On Fri, Oct 7, 2011 at 10:08 AM, Peer Stritzinger <peerst@REDACTED> wrote:
> On Thu, Oct 6, 2011 at 10:18 PM, Knut Nesheim <knutin@REDACTED> wrote:
> How do you trace a request across processes?  Do you need some id
> tagging of the messages etc?

Yes, this is done using "sequential tracing" offered by the VM. When
the entry point is executed, a trace token is explicitly set. When
this process messages another process, the message contains the trace
token and by receiving the message, the trace token is also set in the
receiving process. This is handled transparently by the VM, so there
is no need to instrument your own code other than calling a kprof
function to set the trace token in the entry point.

>
> Normal gen_server call like requests would probably work, but what
> about cast like messages.

These are also tagged by the VM and the trace token is also set in the
receiving process. However, as I'm interested in measuring runtime of
the actual request, the runtime of the process that received the cast
should not be included. The profile measures runtime in certain
functions, not processes (this could be changed).

>
> If I want to use kprof for protocol layers, where messages travel up
> and down the layers freely and a request after travelling down the
> layers is e.g. answered by a response from outside the system, which
> makes the top layer function call finally return.  Is it possible to
> trace requests like these without instrumenting all layers and/or the
> messages?

Yes, this is exactly my use case. As mentioned above, only the entry
point for the request needs to be instrumented. At the moment, it is
not possible to set a random trace token from within the matchspecs
(at least I could not figure out how to do it). If I could do that, no
instrumentation would be needed.

The profiler is built around the idea to profile each layer, by
specifying one or more functions that is called when the request
enters this layer.

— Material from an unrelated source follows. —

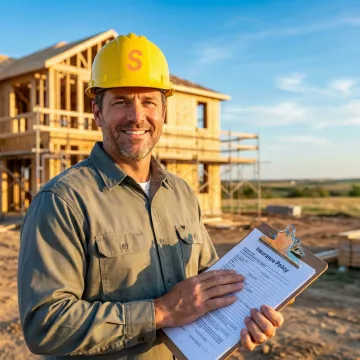 Contractor reviewing general liability insurance policy documents at a construction site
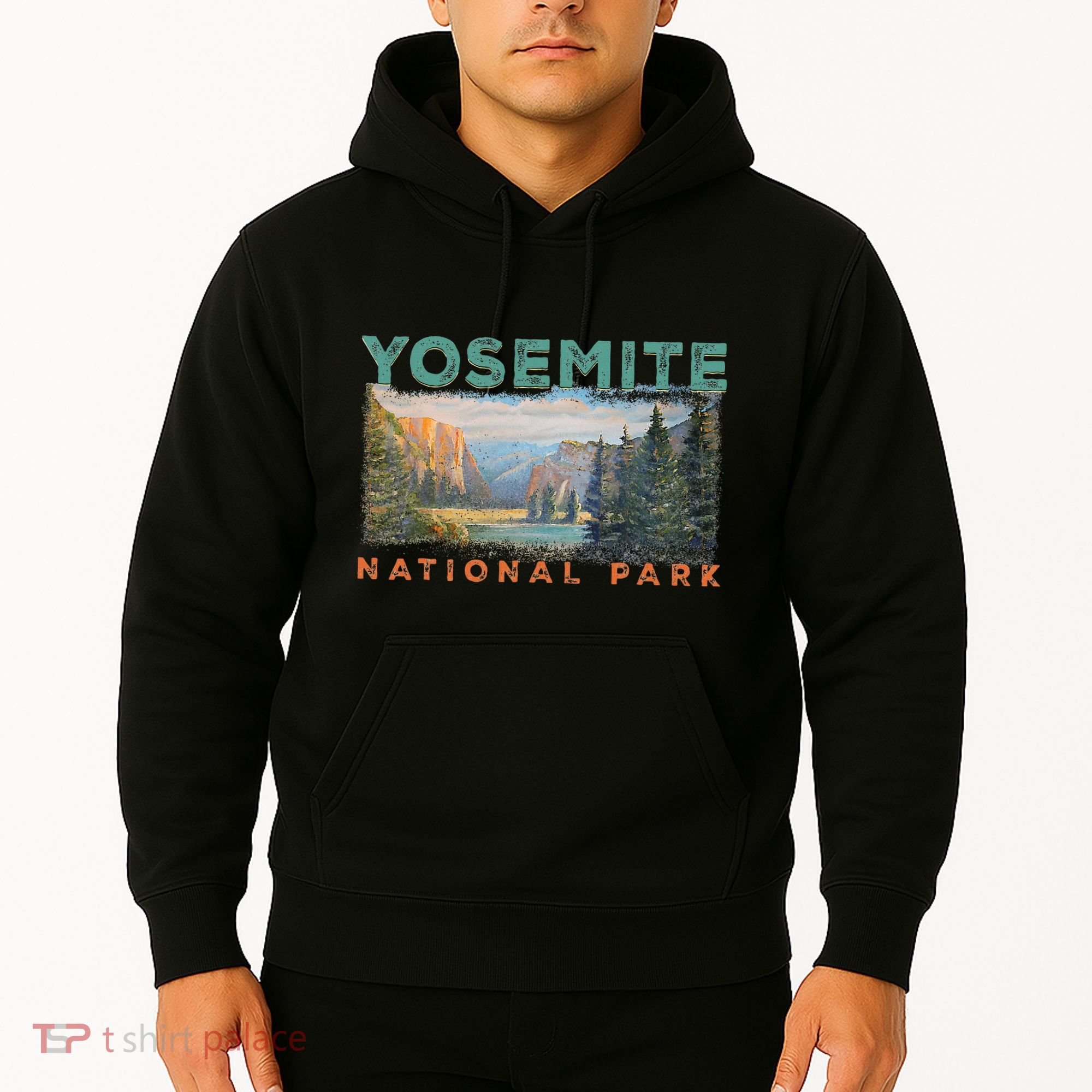 Retro Yosemite Halfdome Park Wyoming Mountain Hiking Hoodie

These functions must return, otherwise you cannot
know their runtime (gen_server for example is not implemented in this
way, so we can only profile the callbacks)

Here is an example of how you would configure kprof given a very
simple MVC architecture:

* http_handler:handle_request/1: entry point, sets the trace token,
when this returns the response to the webserver, the request is
complete
* business_logic:do_stuff/1
* db_access_layer:execute/1

If every request goes through these tiers, you would get a nice
overview of where you are spending time broken down per "tier". This
is already working.

The "tiers" is nothing more fancy than just a specific function to
profile, so you can do more fine grained stuff like this:

* http_handler:handle_request/1: entry point, sets trace token
* http_handler:request_validation/1
* http_interface:handle/1: business logic may start here
* state_server:handle_call/3: some process involved in the request,
keeping state, but not really a part of any tier
* external_system_lookup:execute/1
* stat_lib:regression/1: slow code doing lots of fancy calculation
* db_access_layer:get_key/1
* db_access_layer:put_key/1

With the above setup you would get the runtime stats for each request
per function you specify. For a function that is executed multiple
times within a request, you would get the total runtime (this might
require some work still)

As you can see, there is nothing really fancy in kprof. My goal is
just to put the pieces together, like sequential tracing, aggregation,
sampling, statistical analysis and being able to continuously run
inside your live system.

Regards
Knut